■ Exercise brief ■
Write out exactly the lines from the one containing "Airport Suites Hotel Piarco Екстериор снимка" to the end of the material, both ends included, and nothing else. Leave pictures out.

■ Provided information ■
══════

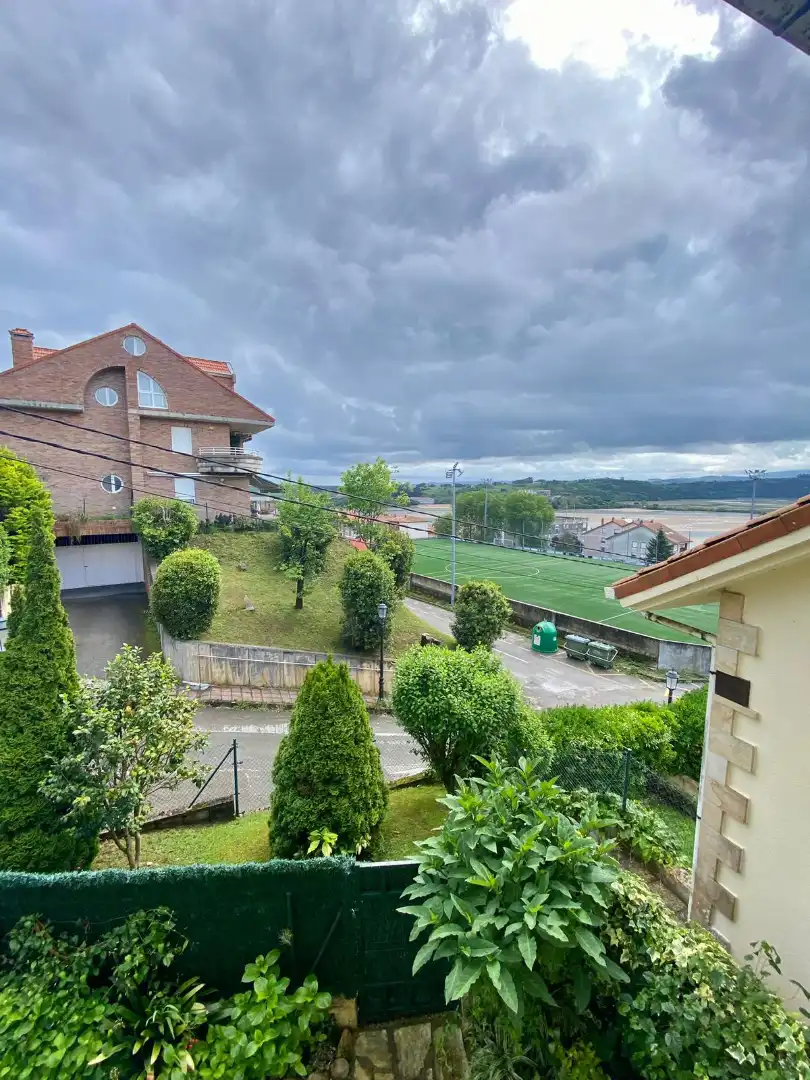 Exterior view of Flat for sale in San Vicente de la Barquera  with Heating, Parquet flooring and Furnished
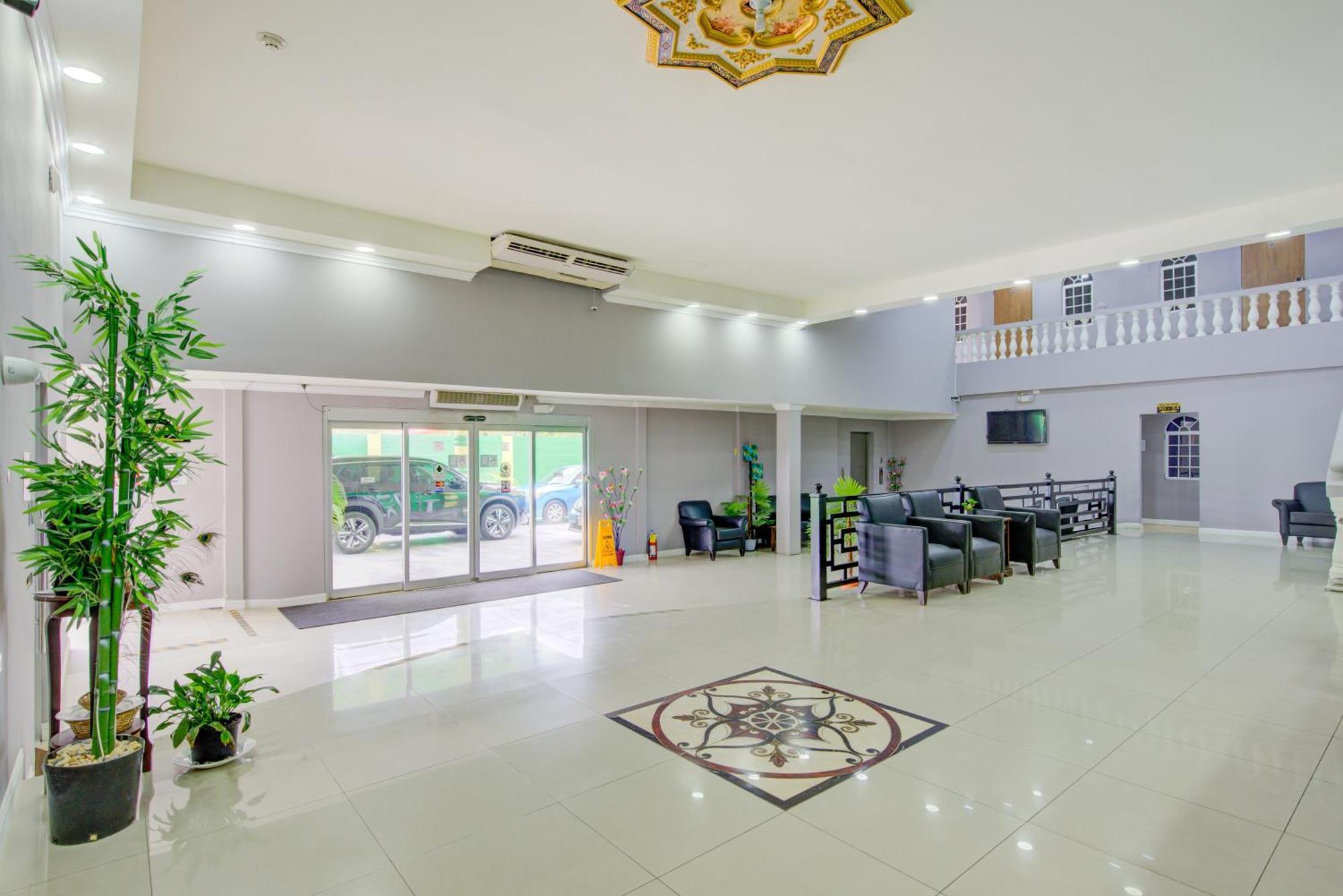 Airport Suites Hotel Piarco Екстериор снимка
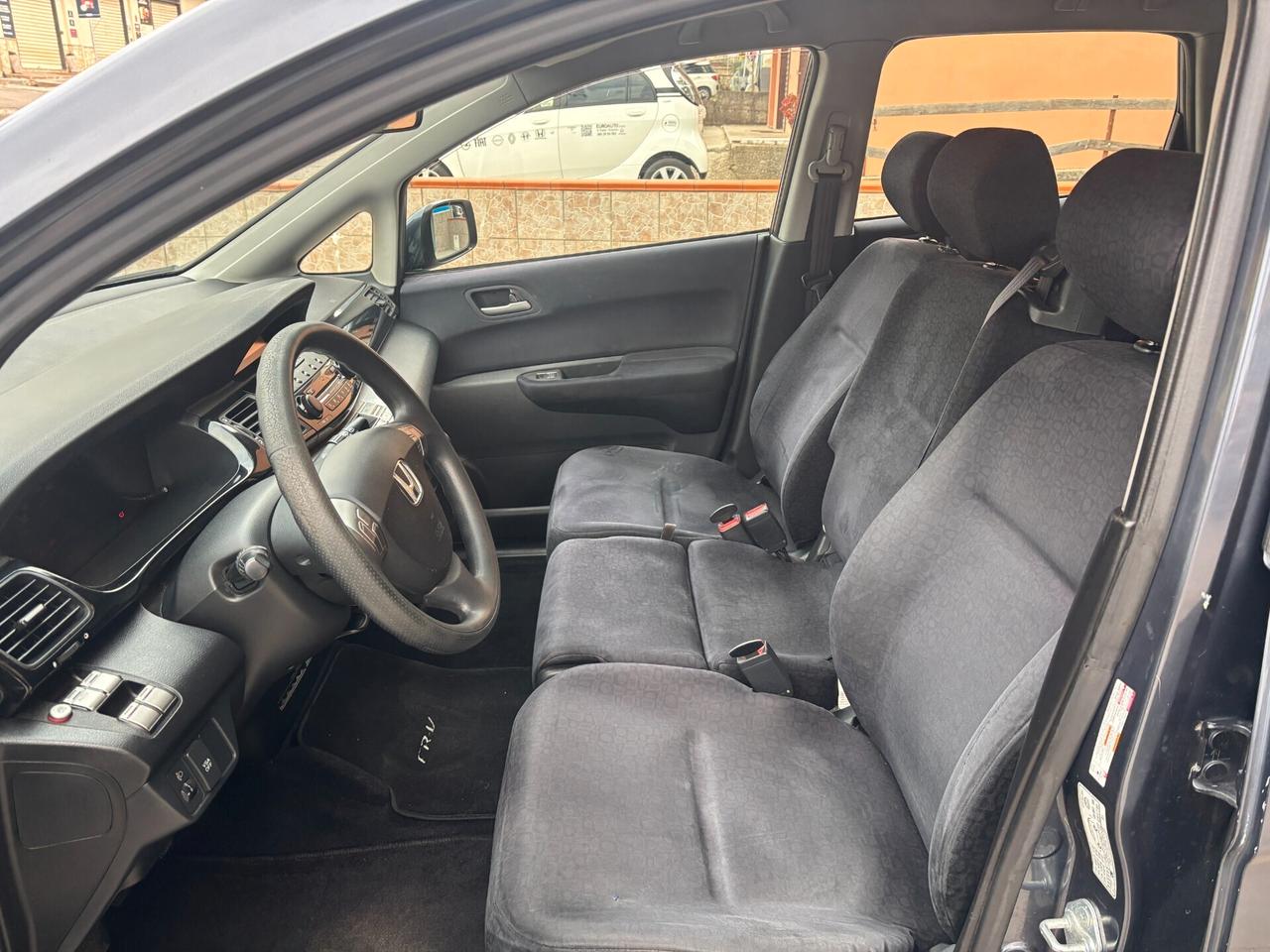 Honda FR-V 2.2 i-CTDi Comfort 6 POSTI-2005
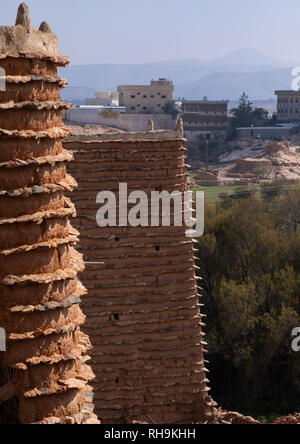 Vista aerea di pietra e fango torre di vedetta con liste in un villaggio, Provincia di Asir, Sarat Abidah, Arabia Saudita Foto Stock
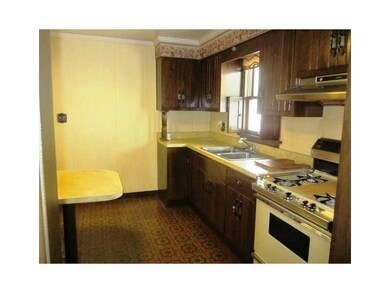 Kitchen. Lovely oak kitchen cabinetry with breakfa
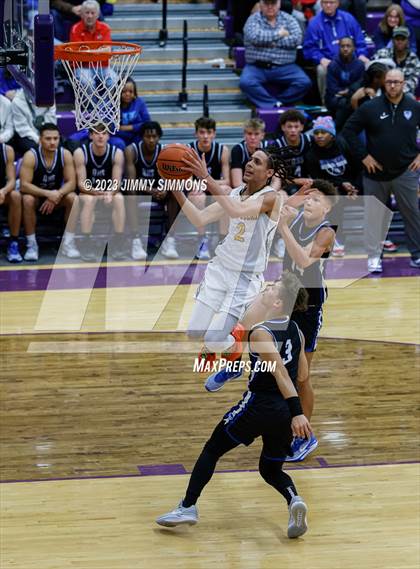 Thumbnail 3 in Quincy vs. O'Fallon (Prairie Farms Holiday Classic) photogallery.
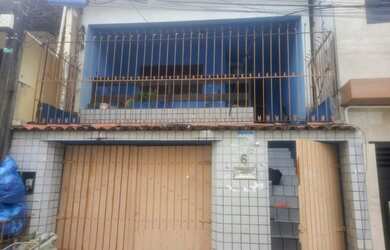 Imagem: A casa possui 2 Dormitórios e 2 Banheiros e está localizado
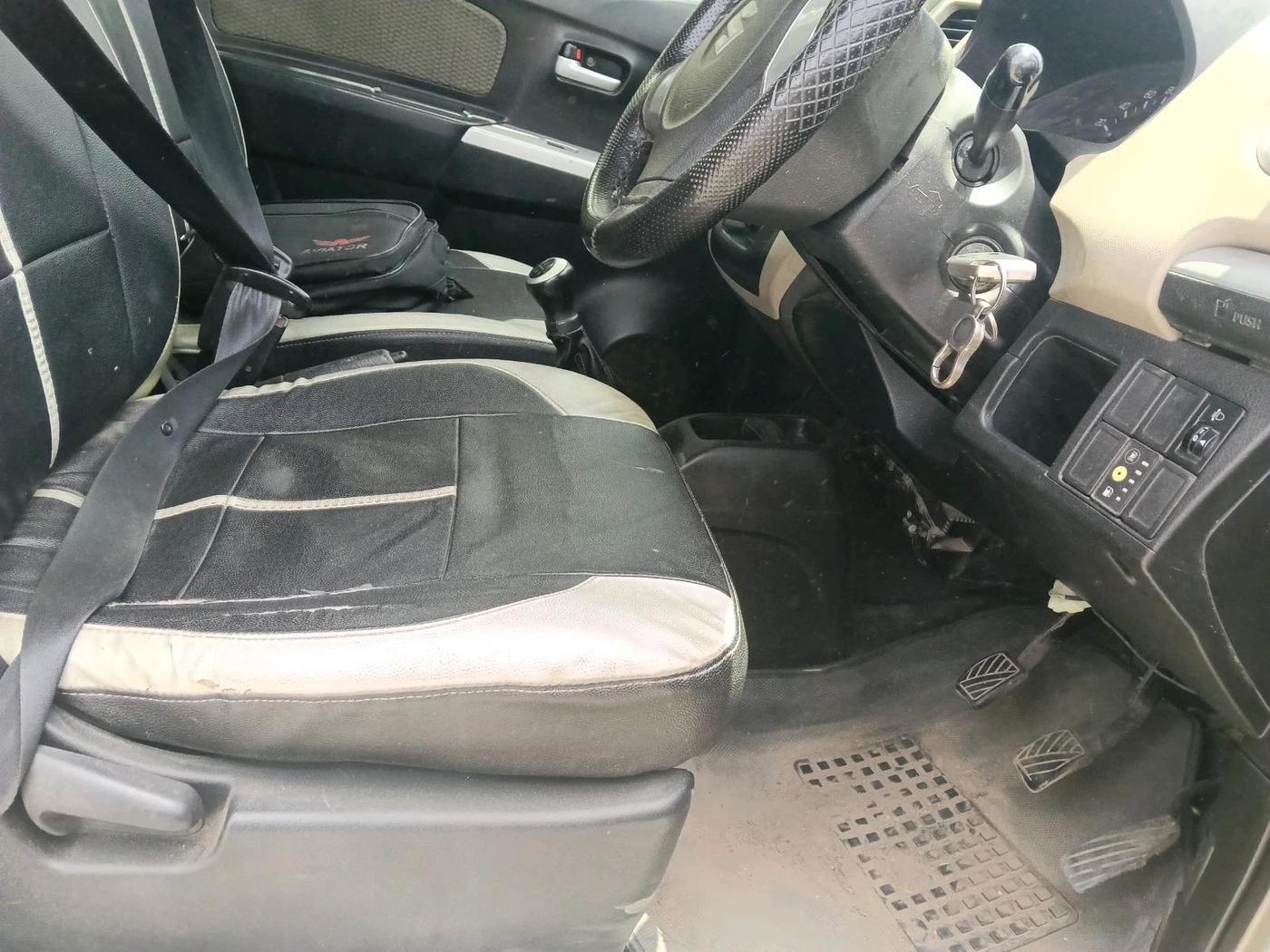 2014 Maruti Wagon R 1.0 LXI CNG, CNG, Manual, 73,207 km, interior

══════

■ Output ■
 Airport Suites Hotel Piarco Екстериор снимка
 Honda FR-V 2.2 i-CTDi Comfort 6 POSTI-2005
 Vista aerea di pietra e fango torre di vedetta con liste in un villaggio, Provincia di Asir, Sarat Abidah, Arabia Saudita Foto Stock
 Kitchen. Lovely oak kitchen cabinetry with breakfa
 Thumbnail 3 in Quincy vs. O'Fallon (Prairie Farms Holiday Classic) photogallery.
 Imagem: A casa possui 2 Dormitórios e 2 Banheiros e está localizado
 2014 Maruti Wagon R 1.0 LXI CNG, CNG, Manual, 73,207 km, interior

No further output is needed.